Newick, a mild-mannered man who has been described as honest and loyal and who loved inspiring young people, was at the forefront of the resurgence of multihull boat design in the 1960s. His boats with two and three hulls often bested larger, costlier — and slower — conventional yachts in major races. He contended that old-fashioned vessels had one advantage: they made nice floating decks for cocktail parties.
“People sail for fun,” he once said, “and no one has convinced me it's more fun to go slow than to go fast.”
The AC72 catamarans with 130-foot-tall wing sails now competing for the America's Cup in San Francisco Bay descend from concepts Newick helped develop.
“Dick Newick's contributions to the development of multihull design in the second half of the 20th century simply can't be overstated,” said Dave Gerr, director of the Westlawn Institute of Marine Technology, when Newick was inducted into the North American Boat Designers Hall of Fame in 2008.
“Not only would multihulls look different today without Dick's innovations, but his designs paved the way for the universally acknowledged offshore-capable speedsters they are.”

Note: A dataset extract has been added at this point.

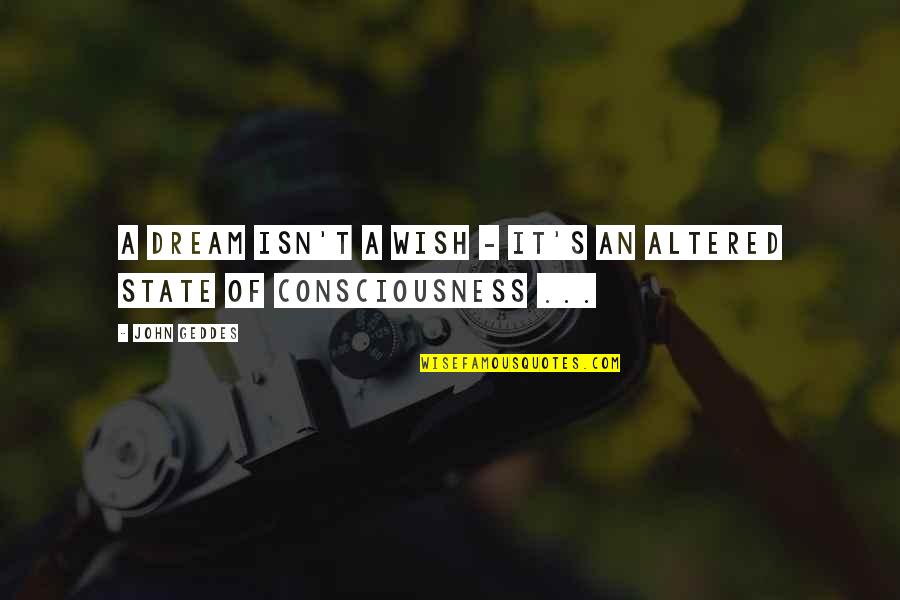 Altered Consciousness Quotes By John Geddes: A dream isn't a wish - it's an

Newick lived in Sebastopol with his wife on the same street as his oldest daughter, Lark Blair. The couple moved to Sebastopol almost nine years ago after leaving their home in Maine. Moe said that just before settling along the North Coast, she and her husband had considered moving to Mexico, to a small town north of Puerto Vallarta. But they decided against it because they feared the town was becoming too touristy.